Jupiter Ascending Recap

Jamie

Let me tell you a little story. On my way to Atlanta last week I was lamenting to my wife at how ill prepared I was for the flight. While I had obtained a glorious copy of Jupiter Ascending, I found myself unable to download it to my phone to watch enroute. ‘Woe is me’ I thought at the mere prospect that I should endure a 2 hour flight without my sweet, sweet Jupiter Ascending action. I turned to my wife on the airport shuttle and half-heartedly joked, ‘Maybe we’ll have a new plane with personal screens and the option to watch JA.’ A single tear rolled down my cheek as these words left my lips, for I was certain that I would never have the opportunity to watch the film. Perhaps I would fall so far behind on BMT that Patrick and I would never catch up. Could this spell the end of BMT? Could it all end with a bungled iphone video transfer? God must have heard my heart (for I believe it was speaking directly to him that day) and declared, ‘not on my God damned watch!’ He replaced whatever shitty Delta plane we were meant to board with the most glorious of planes. TV screens abound! Comfy seats and snacks galore! ‘Could it be? Might these tiny television screens bring me JA in all its glory?’ I exclaimed to no one in particular. ‘Doubtful,’ my wife scoffed, lowering her eye mask and inserting ear plugs so that she might not have to hear or see me weep quietly to myself upon my discovery that there was no JA after all. But no! There would be no tears that day my friends. There would only be joyous laughter and revelry as I watched JA as it was truly meant to be seen. No, not an IMAX screen, but my tiny airplane screen. It was there! Uncut and unrelenting in its ridiculousness. It was destiny. I would not go the week without BMT. Oh no. Not this week. Not any week.
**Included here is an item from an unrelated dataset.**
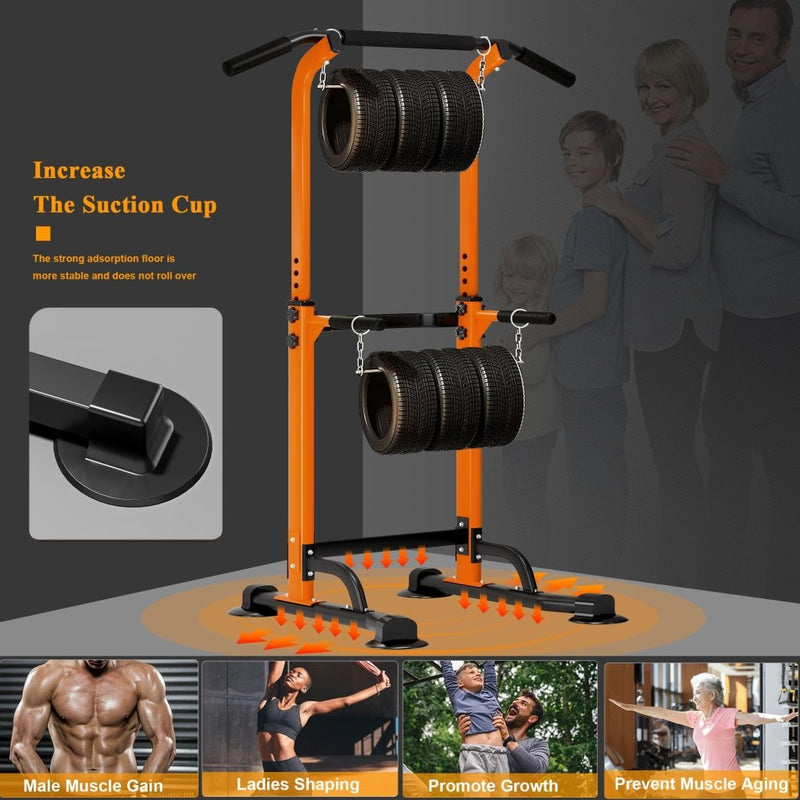 Laad afbeelding in Galerijviewer, DlandHome Power Tower Pull Up Dip Station Multi-Function Fitness Equipment for Strength Training Adjustable Height Dip Stand for Home Gym - happygetfit.com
You see what I just wrote there? That ridiculous paragraph of nonsense? That is better and more exciting than anything in Jupiter Ascending a.k.a. the most confusing movie in this or any universe. I literally had no idea who people were or who they were working for or generally what was happening through the film. Not for lack of trying though. They did spend 95% of the film trying to explain it to the audience. Didn’t work out great. I just kinda rolled with it and assumed that all the details didn’t matter for the most part. There were aliens and they were doing stuff. Whatever. That’s not to say that there wasn’t merits to the film. I liked the concept for the most part, it just was too much for a film to handle. Needed to be a book or something. Or like a game of thrones style TV show. Or have some background that people could grasp to. Not sure I’ll be voting for it come Razzie season, but it certainly deserves notice for Redmayne’s acting (geez louise) and writing. That’s it though.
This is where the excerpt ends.